**ABOUT THIS EXERCISE**
Below are the records; copy each line in them that holds the word "Determine".
-.-.-
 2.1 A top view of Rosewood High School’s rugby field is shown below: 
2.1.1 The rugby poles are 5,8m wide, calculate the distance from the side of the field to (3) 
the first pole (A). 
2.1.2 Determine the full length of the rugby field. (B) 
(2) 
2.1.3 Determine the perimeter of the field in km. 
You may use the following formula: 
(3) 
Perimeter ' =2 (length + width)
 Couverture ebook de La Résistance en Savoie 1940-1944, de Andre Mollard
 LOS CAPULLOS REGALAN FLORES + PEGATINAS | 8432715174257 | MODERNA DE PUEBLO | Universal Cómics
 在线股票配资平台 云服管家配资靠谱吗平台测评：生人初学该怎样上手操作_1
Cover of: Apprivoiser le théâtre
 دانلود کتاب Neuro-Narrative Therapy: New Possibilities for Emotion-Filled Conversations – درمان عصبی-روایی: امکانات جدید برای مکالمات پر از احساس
-.-.-
**WRITTEN RESPONSE**
2.1.2 Determine the full length of the rugby field. (B) 
2.1.3 Determine the perimeter of the field in km. 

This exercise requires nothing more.